Defendant Adolph Patrick Greene appeals from a judgment of conviction, following a jury trial, of possession of a dirk or dagger. (Pen. Code, § 21310.) Before trial, he pleaded no contest to possession of controlled substance paraphernalia, as part of an agreement that the prosecutor would not reference that offense at trial. (Health & Saf. Code, § 11364.) The trial court sentenced defendant to a term of 16 months for the dirk or dagger conviction, with a concurrent term of six months for the paraphernalia possession, and imposed fines and fees. The court also ordered a total of 264 days of deductions from his period of confinement under Penal Code section 4019.

His appellate counsel has raised no issues and asks this court for an independent review of the record to determine whether there are any issues that would, if resolved favorably to defendant, result in reversal or modification of the judgment. (People v. Kelly (2006) 40 Cal.4th 106; People v. Wende (1979) 25 Cal.3d 436.) Defendant was notified of his right to file a supplemental brief but has not done so. Upon independent review of the record, we conclude no arguable issues are presented for review and affirm the judgment.

This matter arises out of a police stop of defendant, who was riding a bicycle on the sidewalk in violation of a city ordinance. At the time, defendant was on probation, one of the conditions being he was subject to search. The police therefore conducted a search of his person and found a knife with a three-inch blade in one of his pants pockets. Police also found a pipe of the type normally used to smoke methamphetamine. The parties stipulated the search was lawful.
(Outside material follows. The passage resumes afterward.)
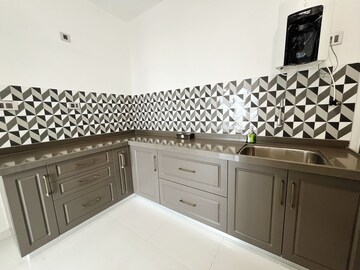 2 BHK Apartment For Rent in Bramhacorp The Collection, Kalyani Nagar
During voir dire, defense counsel made two Batson/Wheeler motions based on the prosecutor’s peremptory challenges to two African-American jurors, both of which the trial court denied. Review of a trial court’s denial of such a motion is deferential. (People v. Lenix (2008) 44 Cal.4th 602, 614 [“ ‘So long as the trial court makes a sincere and reasoned effort to evaluate the nondiscriminatory justifications offered, its conclusions are entitled to deference on appeal.’ ”].) The prosecutor offered race-neutral reasons for challenging the jurors, who both reported negative experiences with police or the judicial system, and the court considered these explanations before denying the motions.

In a motion in limine, the prosecution sought to introduce evidence of defendant’s prior 2016 conviction of possession of a dirk or dagger to show he “knew he had a knife on his person” and it was not there by mistake. The trial court disagreed with that rationale, but admitted the evidence “for the limited purpose of trying to prove the defendant’s knowledge . . . about the May 20th, 2017 object [which] outweighs its prejudicial effect.”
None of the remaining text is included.